**Task requirements:**
In the records that follow, find the line with "Cheer Collection One"; from there, retype every line exactly through the line with "Genialba LCD Writing", which also belongs to the answer.

**Exercise material:**
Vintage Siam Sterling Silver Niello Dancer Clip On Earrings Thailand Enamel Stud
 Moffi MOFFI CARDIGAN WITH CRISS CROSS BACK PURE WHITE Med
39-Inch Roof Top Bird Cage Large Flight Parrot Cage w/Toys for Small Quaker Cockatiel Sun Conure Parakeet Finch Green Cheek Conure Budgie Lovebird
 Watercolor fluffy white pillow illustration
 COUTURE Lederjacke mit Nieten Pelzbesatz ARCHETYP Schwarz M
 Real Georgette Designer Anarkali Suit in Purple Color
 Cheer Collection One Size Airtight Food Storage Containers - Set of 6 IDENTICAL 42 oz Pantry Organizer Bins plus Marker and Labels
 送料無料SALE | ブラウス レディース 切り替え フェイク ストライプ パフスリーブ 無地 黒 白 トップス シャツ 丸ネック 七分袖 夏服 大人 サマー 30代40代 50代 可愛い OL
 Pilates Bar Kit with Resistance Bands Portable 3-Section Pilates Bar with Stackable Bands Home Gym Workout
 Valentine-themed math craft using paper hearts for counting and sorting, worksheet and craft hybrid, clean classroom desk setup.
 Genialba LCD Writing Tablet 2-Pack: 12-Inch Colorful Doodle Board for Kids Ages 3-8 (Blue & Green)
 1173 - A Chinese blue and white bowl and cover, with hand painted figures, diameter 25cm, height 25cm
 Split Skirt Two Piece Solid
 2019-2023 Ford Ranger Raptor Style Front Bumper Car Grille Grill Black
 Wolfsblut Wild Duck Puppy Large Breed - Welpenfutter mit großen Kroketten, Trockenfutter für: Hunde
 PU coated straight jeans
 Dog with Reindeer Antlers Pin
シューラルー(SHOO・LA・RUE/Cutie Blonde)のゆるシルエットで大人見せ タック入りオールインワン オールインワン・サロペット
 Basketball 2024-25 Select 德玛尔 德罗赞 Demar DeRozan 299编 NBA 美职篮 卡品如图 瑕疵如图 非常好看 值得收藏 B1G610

**Your response:**
 Cheer Collection One Size Airtight Food Storage Containers - Set of 6 IDENTICAL 42 oz Pantry Organizer Bins plus Marker and Labels
 送料無料SALE | ブラウス レディース 切り替え フェイク ストライプ パフスリーブ 無地 黒 白 トップス シャツ 丸ネック 七分袖 夏服 大人 サマー 30代40代 50代 可愛い OL
 Pilates Bar Kit with Resistance Bands Portable 3-Section Pilates Bar with Stackable Bands Home Gym Workout
 Valentine-themed math craft using paper hearts for counting and sorting, worksheet and craft hybrid, clean classroom desk setup.
 Genialba LCD Writing Tablet 2-Pack: 12-Inch Colorful Doodle Board for Kids Ages 3-8 (Blue & Green)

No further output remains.